### Task to complete
Repeat only the lines below from the one containing "Maison bourgeoise avec" through the one containing "Suita Hotel — ภาพห้องพักและบรรยากาศ", inclusive, exactly as written.

··· Supplied records ···

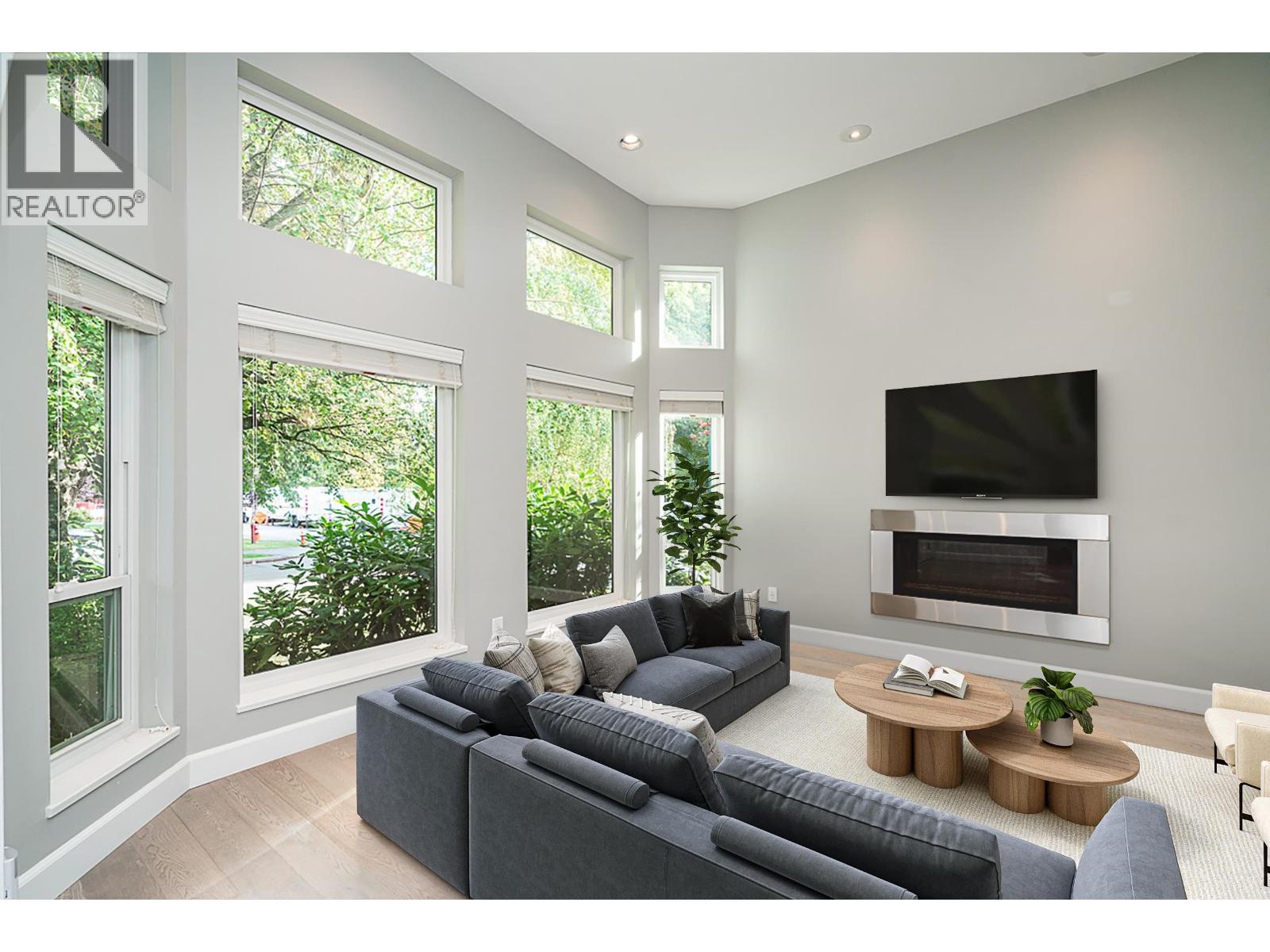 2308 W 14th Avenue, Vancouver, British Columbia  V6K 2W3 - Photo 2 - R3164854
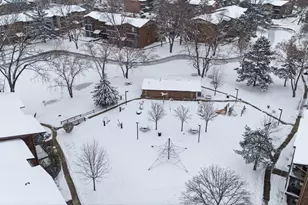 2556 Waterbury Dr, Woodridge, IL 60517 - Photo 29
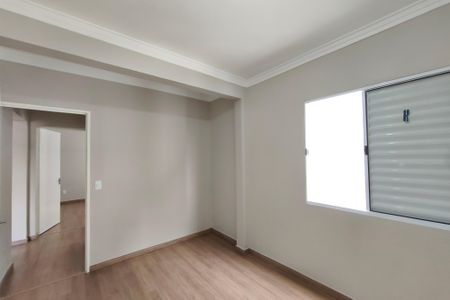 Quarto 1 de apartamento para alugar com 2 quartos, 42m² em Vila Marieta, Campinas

···
··· Supplied records ···

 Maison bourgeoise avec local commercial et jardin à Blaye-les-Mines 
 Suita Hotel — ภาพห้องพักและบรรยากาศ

···
··· Supplied records ···

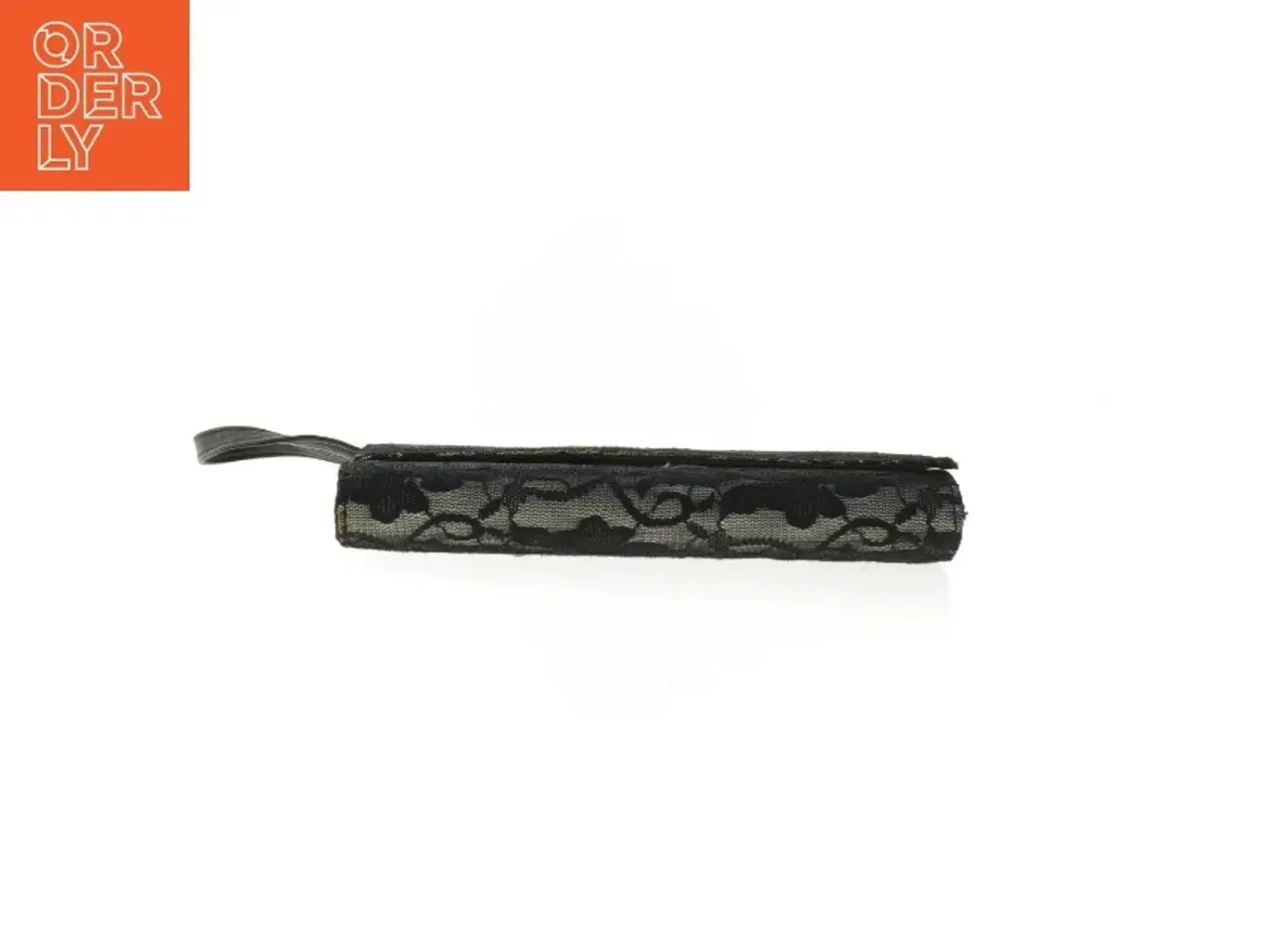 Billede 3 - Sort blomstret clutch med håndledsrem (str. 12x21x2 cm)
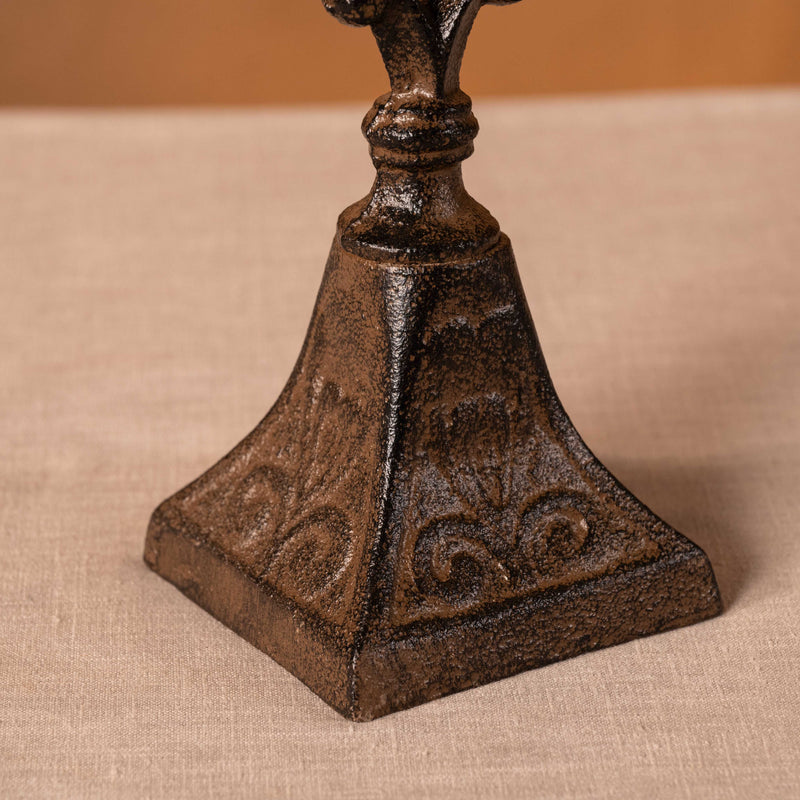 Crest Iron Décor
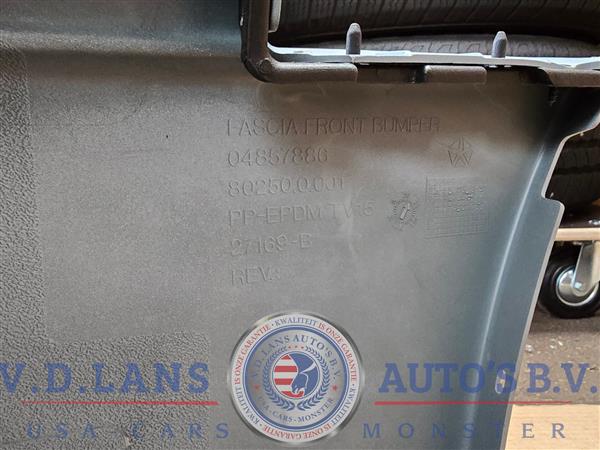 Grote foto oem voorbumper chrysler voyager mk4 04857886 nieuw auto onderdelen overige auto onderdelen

···

### Response to this exercise
 Maison bourgeoise avec local commercial et jardin à Blaye-les-Mines 
 Suita Hotel — ภาพห้องพักและบรรยากาศ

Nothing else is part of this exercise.